South Sudan
Staff working in South Sudan’s health centres and schools have been forcibly recruited by armed groups, causing facilities to close, the United Nations said, as it struggles to provide aid in one of the world’s most dangerous war zones.
More than 250 aid workers have been relocated because of fighting this year, almost double the number during the same period in 2016, it said.
The country’s civil war erupted in late 2013, uprooting a quarter of the population and causing famine.
The U.N. Office for the Coordination of Humanitarian Affairs (OCHA) said at least 14 community volunteers and health workers had reportedly been forcibly recruited by armed groups in Guit county, in the country’s north, as of June 6.

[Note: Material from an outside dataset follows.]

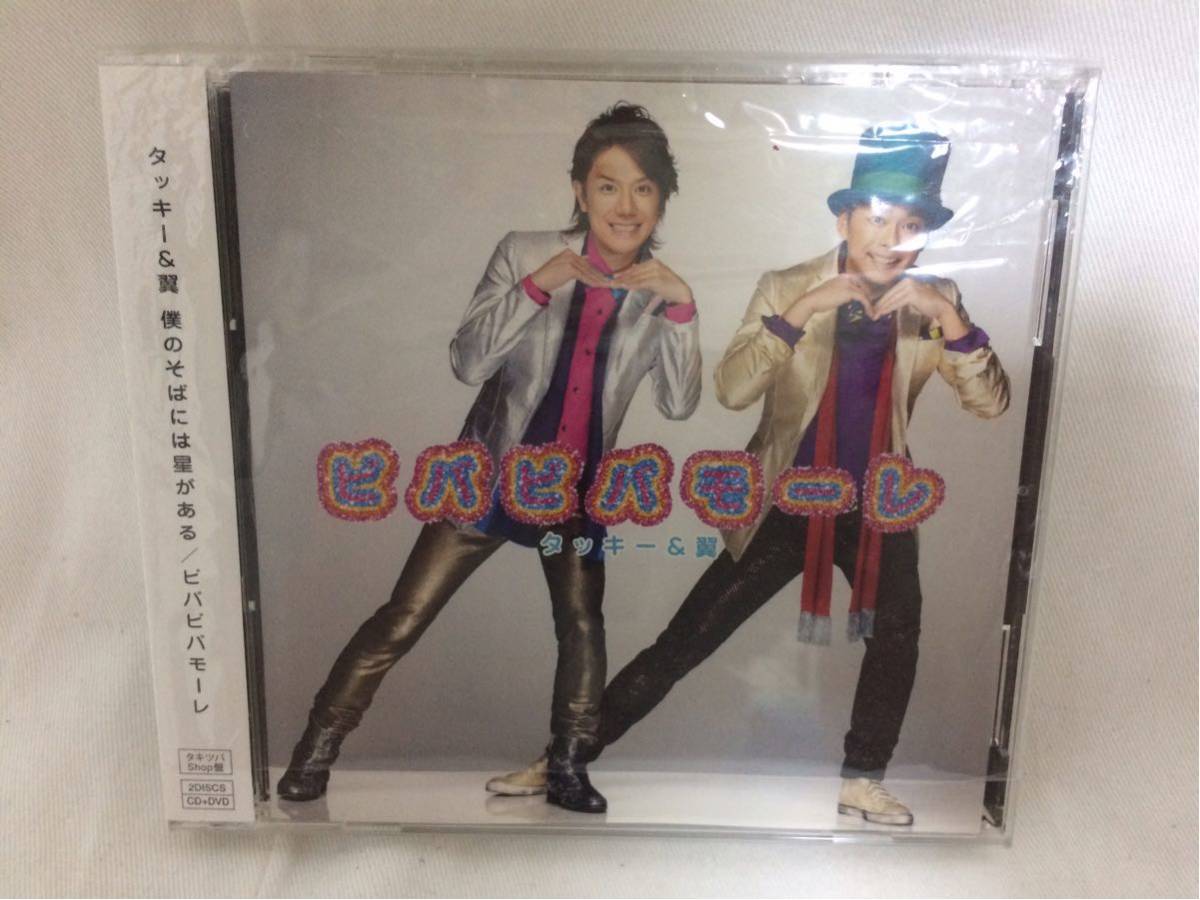 新品同様 タッキー&翼 僕のそばには星がある ビバビバモーレ タキツバShop盤 限定 ライブDVD付き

“The health facility in Nimni (area in Guit), as well as at least two schools in the area, have been forced to close due to forced recruitment of personnel essential to their operations,” OCHA said in an update late on Monday.
The areas are near South Sudan’s oil-rich northern border with Sudan, close to the hotly-contested town of Bentiu.
South Sudan descended into war after President Salva Kiir fired his deputy, unleashing a conflict that has spawned armed factions often along ethnic lines.
The U.N. has warned of a possible genocide, millions face famine, and an estimated 3.5 million have fled their homes – 2 million of them children.
Negotiations for the workers’ release is ongoing, it said.
Looting of humanitarian supplies has also escalated with 19 incidents so far in 2017, it said.